Sociology Index

SUPEREGO

Superego is a concept developed by psychoanalyst Sigmund Freud that describes one of three components of the individual personality or self. The personality consists of the id: the innate impulses and drives, the ego: the unique and individual self; and the superego: the internalized social norms or conscience. Much Freudian analytical theory is based on articulating the development of these aspects of self and their relationship. The superego's criticisms, prohibitions, and inhibitions form a person's conscience, and its positive aspirations and ideals represent one's idealized self-image, or “ego ideal.”

In Psychoanalysis superego is the part of the mind which internalizes parental and social prohibitions or ideals early in life and imposes them as a censor on the wishes of the ego which is the agent of self-criticism. The superego is the faculty that seeks to police what it deems unacceptable desires; it represents all moral restrictions and is the "advocate of a striving towards perfection."

According to Freud psychoanalytic theory, the id is the primitive and instinctual part of the mind that contains sexual and aggressive drives and hidden memories, the superego operates as a moral conscience, and the ego is the realistic part that mediates between the desires of the id and the superego.

The Id is the unconscious drives and psychic energies of humans as biological organisms. The Ego is the outcome of the individual's struggle to adapt their basic drives or the ‘id’ to the imperative control of society and culture or superego. Sigmund Freud, who coined the name narcissism believed that some Narcissism is an essential part of all of us from birth.

The Superego and the Act: A lecture by Slavoj Zizek.
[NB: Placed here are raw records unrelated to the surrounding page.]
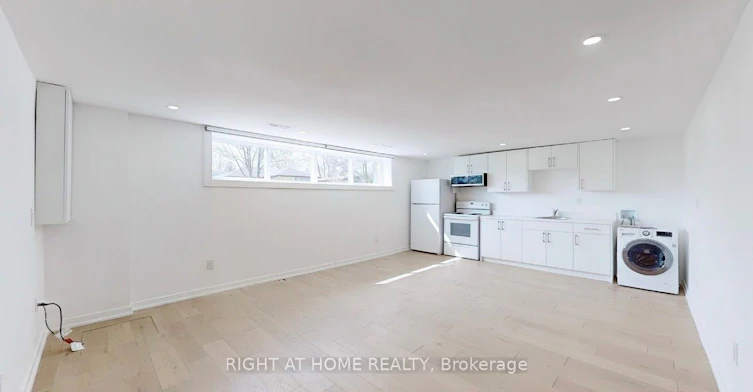 Basement/Studio-118 Clifton Avenue, Toronto, ON, M3H 4L3 - 4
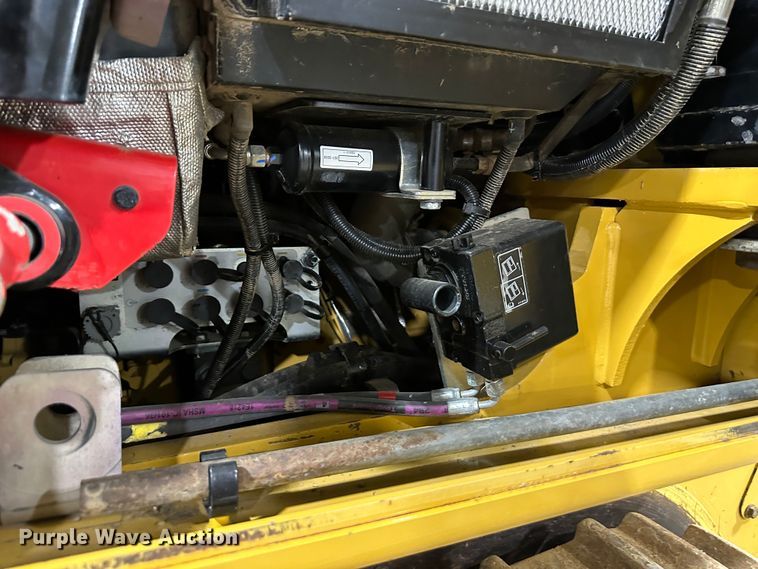 image for item DR7501 2016 Caterpillar 953D  track loader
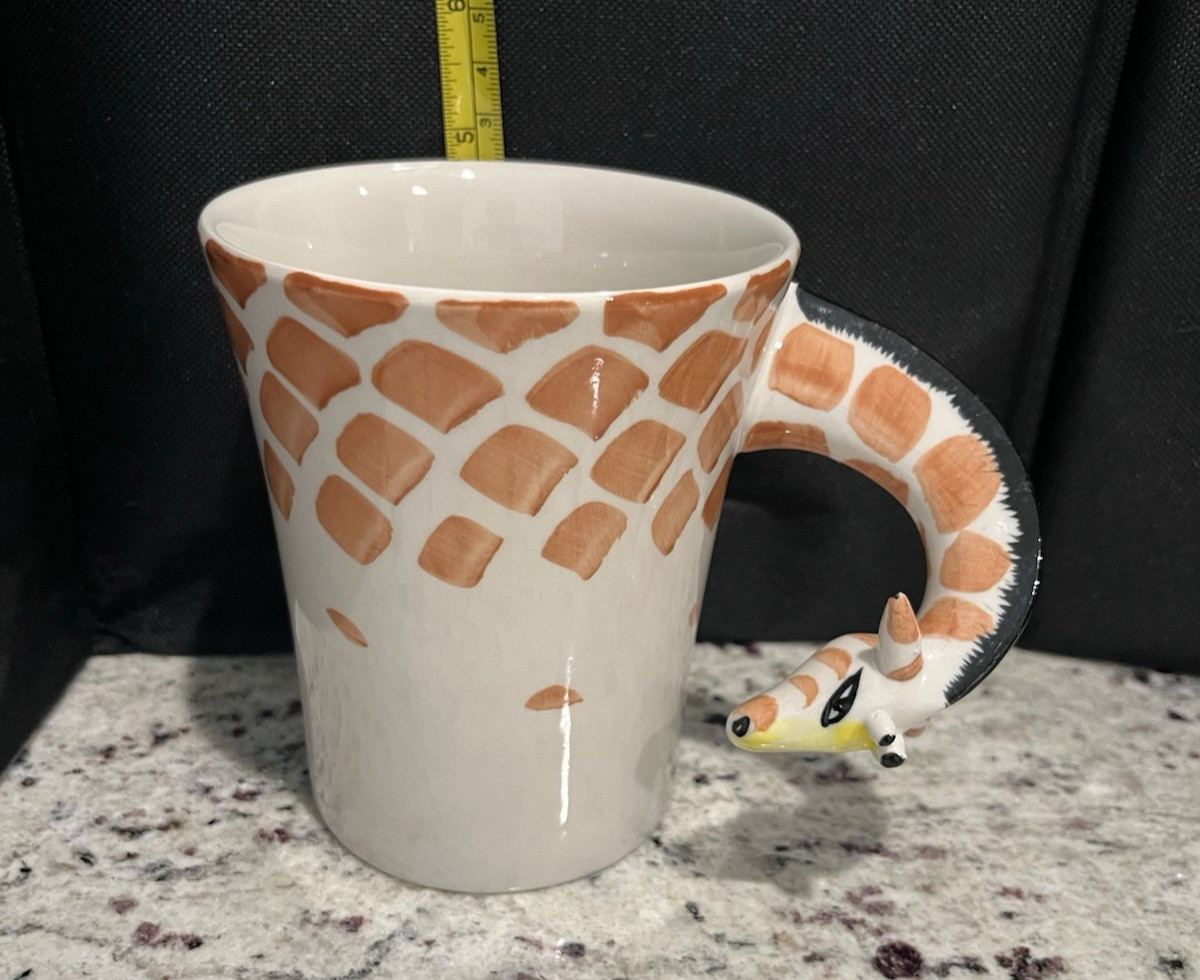 Gracie the lost Giraffe from Texas Pier1 Imports Mug 3-D Neck Head Handle 16 oz.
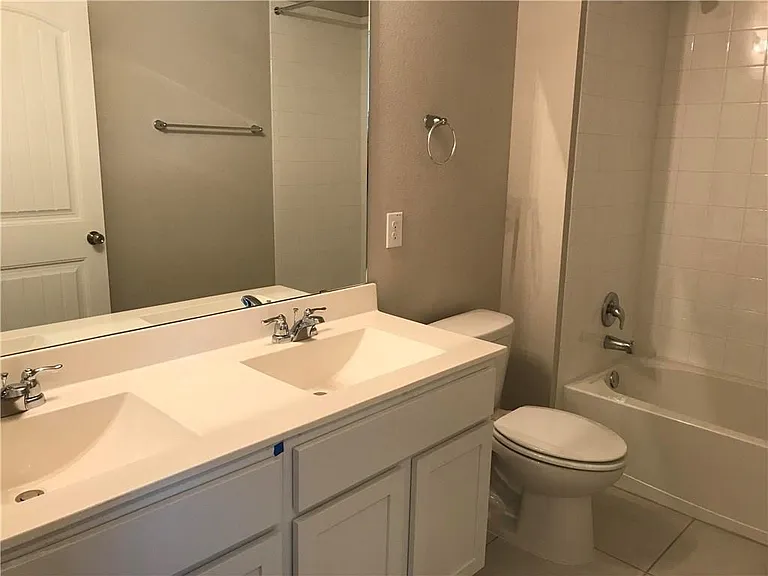 2205 Bettylou Ln — Photo 10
The more profit you have, the more you want, the more you drink Coke, the more you are thirsty, the more you obey the superego command, the more you are guilty. In all three cases, the logic of balanced exchange is disturbed in favor of an excessive logic of "the more you give the more you owe", or the "more you possess what you are longing for, the more you are missing and thus the greater your craving", or the consumerist version, "the more you buy the more you must spend".

This paradox is the very opposite of the paradox of love where, as Juliet put it to Romeo, "the more I give, the more I have." This superego-paradox also allows us to throw new light onto the functioning of today’s art scene.

Superego is the reversal of the permissive "You May!" into the prescriptive "You Must", the point in which permitted enjoyment turns into ordained enjoyment. We all know the formula of Kant's unconditional imperative: "Du canst, denn du sollst". You can do your duty, because you must do it.

Superego turns this around into "You must, because you can." The New Age wisdom of recovering the spontaneity of your true self seems to offer a way out of this superego predicament. Is this attitude not secretly sustained by the superego imperative? You must do your duty of achieving full self–realization and self–fulfillment because you can. So what is superego? The external opposition between pleasure and duty is precisely overcome in the superego.